In American artist Jen DeNike’s first UK solo exhibition, her suite of three recent photographs, each marked by the problematic presence of the American flag, stand out as signifiers of the sometimes-violent sacrifice of youth. The ambiguous tableau of ‘1882’, 2006, a year that does nothing to illuminate the scene, depicts a blindfolded boy waving a small flag below a cheap doll strung from a tree by the noose pulled taut by a second youth, prompting the viewer to wonder what obscure chapter of American history is being evoked by this act named for that particular year. For all attempts to match history to the date, there is something mistaken in the memory triggered by these new pastoral spaces of overgrown suburban lots. The implication of red’s danger against the banal white shirts and blue jeans of DeNike’s recurring models Mike and Kevin completes the semaphore of her obscure vision of suburban America; ambivalent and refreshingly without judgment, the ordinary resonance of these average boys with their unique physical quirks reduces any sense of the heroic.
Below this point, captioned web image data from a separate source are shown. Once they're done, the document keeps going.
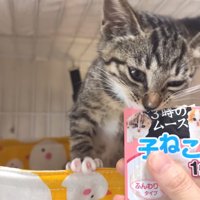 身を乗り出すひまわりちゃん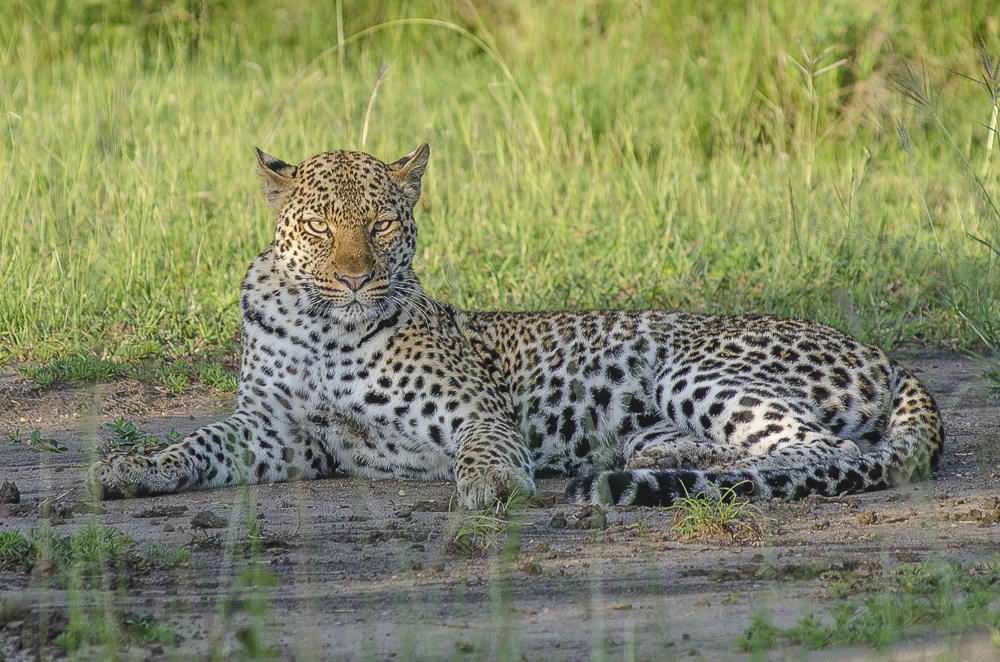 8 Days Wildlife, Gorilla & Chimpanzee Tracking Adventure 6 110928_073130_MPM8318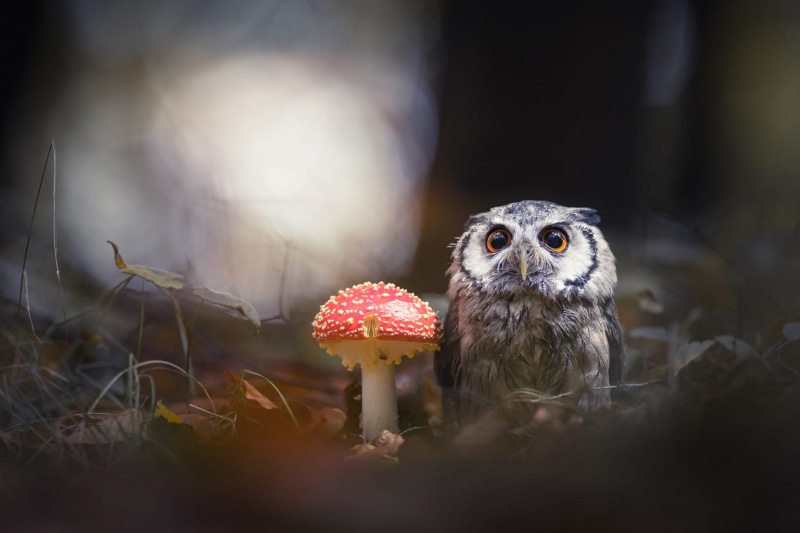 1080P, forest, animals, nature, mushroom, owl, background, gray, bird, black, the dark background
‘Flag Girls’, 2007, contributes its own counter-mythic critique by its pastiche on a vintage postcard depicting girls tantalizingly wrapped in the Old Glory flag. DeNike’s video fulfills the winking promise of that image by progressively divesting each girl of her flag, but this striptease is a ritual robbed of its sexuality. From their discordant hum of ‘The Star-Spangled Banner’ to the flags clenched in teeth in their efforts to sullenly cast them off, there is something petulant in the stiff pirouette that flings the literal weight of stars and stripes off the nude body.
This deliberately awkward defiance is complicated in its turn by the girls’ status as long-haired maiden archetypes who make their sulking exit from the screen once unveiled, until only one remains standing—serene with her flag still firmly wrapped, her survival alludes to the so-called final girl of horror films and their generic assertion that preserved purity will spare us from violent endings. At this uncomfortable point of becoming, DeNike’s teenage personalities heighten the threat of their own potentiality towards either the achievement of adulthood, or the failure of life cut short in the call of patriotism.